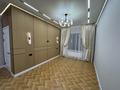 Отдельный дом · 5 комнат · 170 м² · 5 сот., Аскар-Сулейманова 27 за 74 млн ₸ в Туздыбастау (Калинино) — фото 17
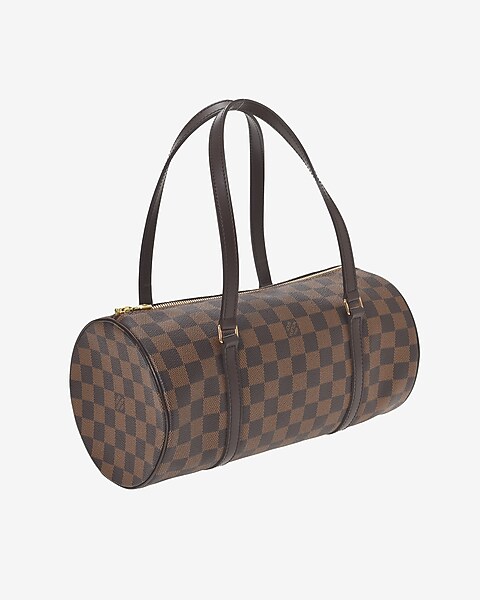 where can i get my lv bag authenticated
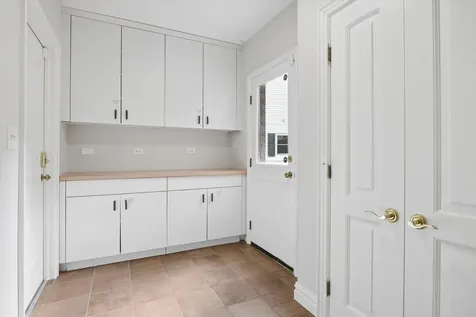 1330 Maple Avenue Downers Grove IL 60515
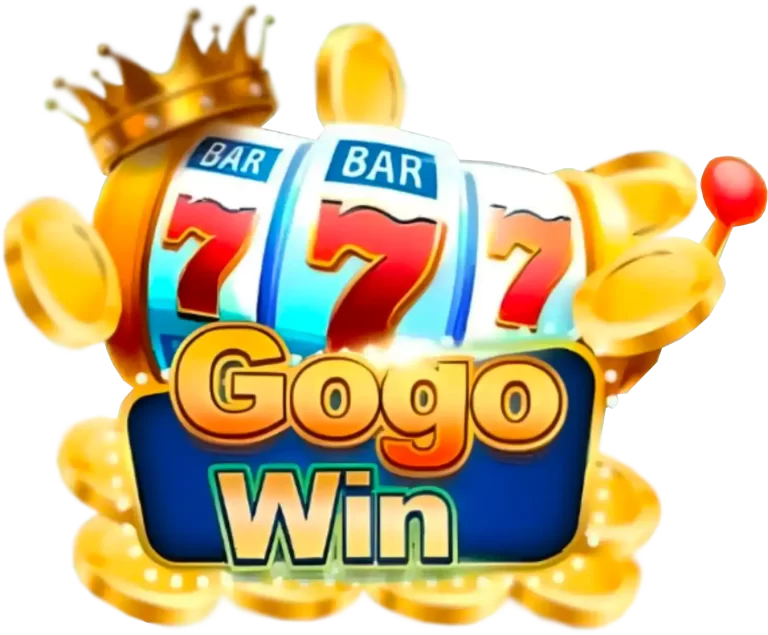 Segredo mines blaze - Jogobet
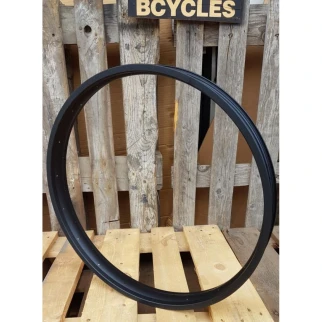 Jante 26 x 57 mm Noir 36H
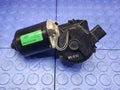 2014-2018 Kia Forte Windshield Wiper Motor Genuine OEM Part 98110A7000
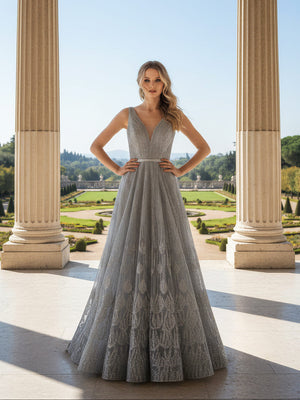 Principessa D'Oriente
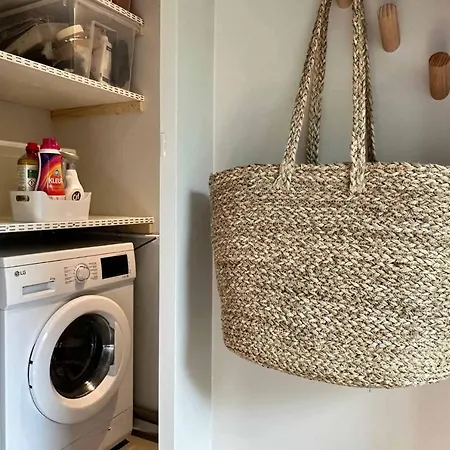 Foss - Luxe Boutique Boshuis Veluwe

▬▬▬

Everything from the line containing "Segredo mines blaze - Jogobet" through the last line of the listing above must be output exactly, except the pictures.

 Segredo mines blaze - Jogobet
 Jante 26 x 57 mm Noir 36H
 2014-2018 Kia Forte Windshield Wiper Motor Genuine OEM Part 98110A7000
 Principessa D'Oriente
 Foss - Luxe Boutique Boshuis Veluwe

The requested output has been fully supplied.